Dataset excerpts Start Marker

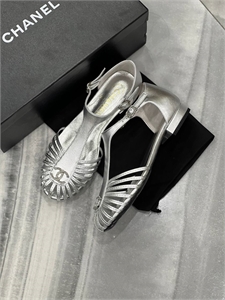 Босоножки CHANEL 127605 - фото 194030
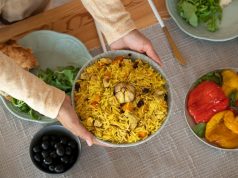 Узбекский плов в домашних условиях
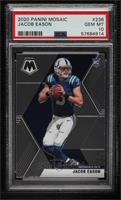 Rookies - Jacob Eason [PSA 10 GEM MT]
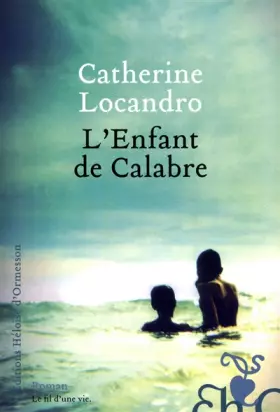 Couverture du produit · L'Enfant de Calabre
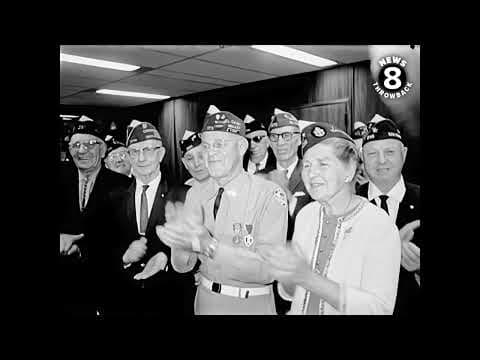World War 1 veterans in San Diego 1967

Dataset excerpts End Marker

What you will do |
Output the data above in full and exactly, with every image left out.

Exercise response |
 Босоножки CHANEL 127605 - фото 194030
 Узбекский плов в домашних условиях
 Rookies - Jacob Eason [PSA 10 GEM MT]
 Couverture du produit · L'Enfant de Calabre
World War 1 veterans in San Diego 1967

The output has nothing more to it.